27 rok życia, 27 rok życia.
Jedyna rzecz, ktorą wiem, jedna rzecz, co się starzeje.
Powinienem wyprzedawać jeśli chcę zostać sprzedany.
Nie chcę, by diabeł odebrał mi duszę.
Tworzę piosenki, które pochodzą od serca.
Zwisa mi, czy znajdą się na liście przebojów.
Swoją egzystencję wyobrażam sobie tylko tak, by mówić to co widzę.

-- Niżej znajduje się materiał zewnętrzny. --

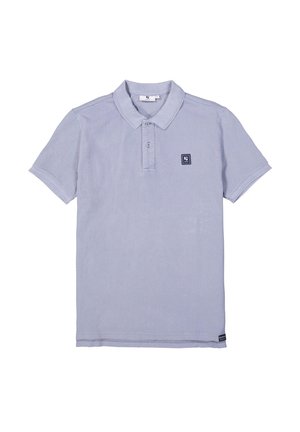 Hellblauem Polo-Shirt aus Baumwolle, mit Kragen, zwei Knöpfen, und einem kleinen quadratischen Logo auf der linken Brust. Kurzarm.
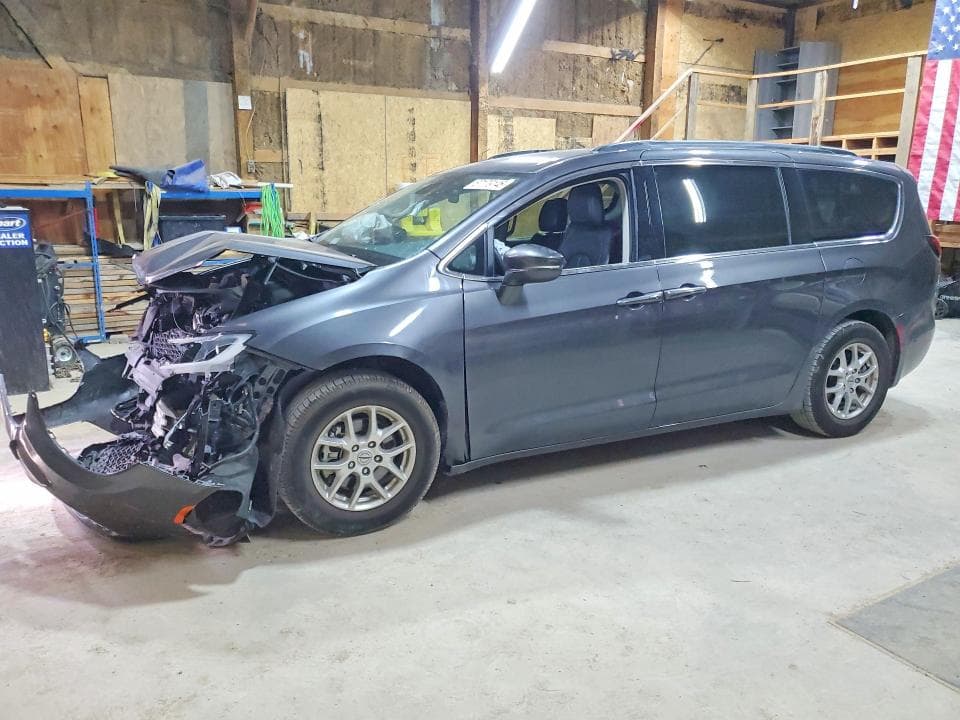2022 CHRYSLER PACIFICA TOURING L - 1
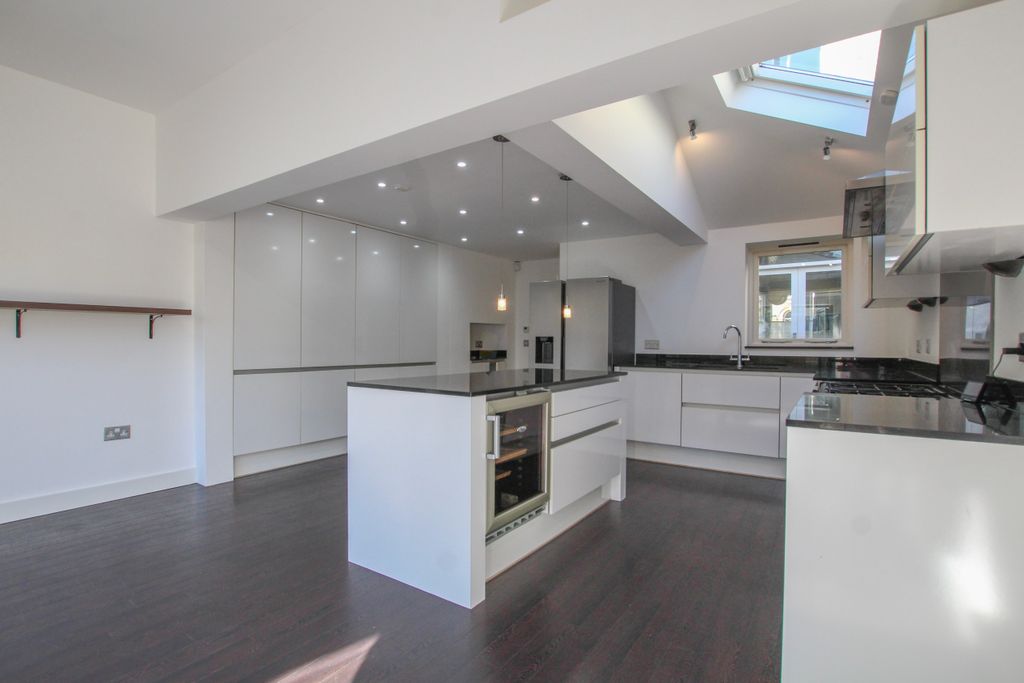 Property photo 3 of 29 Kitchen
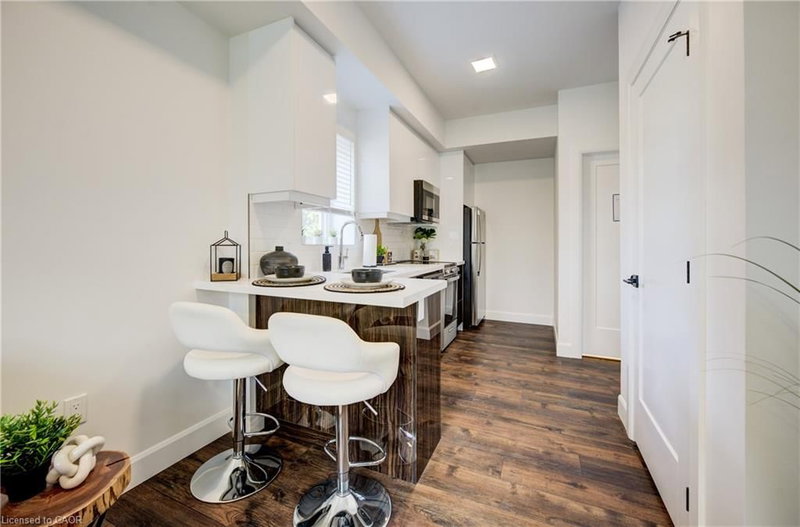 132 Woolwich Street photo 4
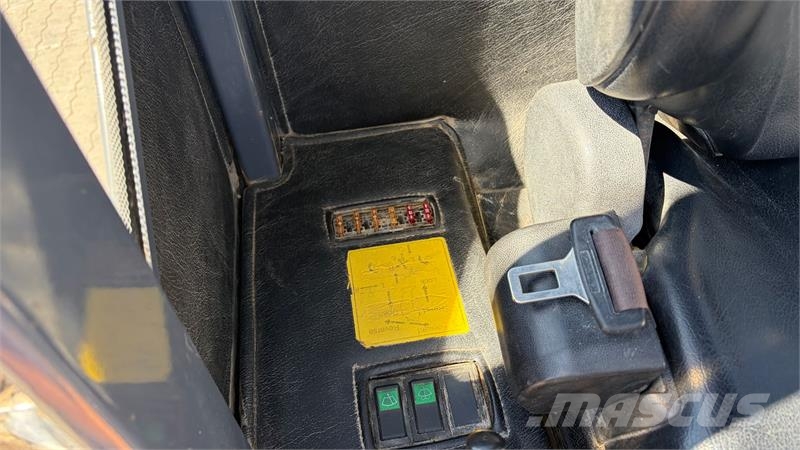 VM Loader 1036LXC m/lukket kabine لوادر صغيرة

I swój cień za mną podążajacy.
Nie wiem dokąd biegnę, ale potrafię to dobrze
Bo od zawsze to robiłem.
Nie wiem co ja robię, ale wiem co dokonałem
Mam spragnione serce, jestem naładowanym pistoletem.
27 rok życia, 27 rok życia, jedyna rzecz, którą wiem,
To to, że nie wiem jak
Każdemu dogodzić
Bo każdy co chwilę zmienia zdanie.
Trochę wyblakły, trochę pocieniowany.
Nie chcę się zatrzymywać, nie dam się namówić
Do napisania słów, w które sam nie wierzę, by potem zobaczyć swoją twarz na ekranie wyświetlacza.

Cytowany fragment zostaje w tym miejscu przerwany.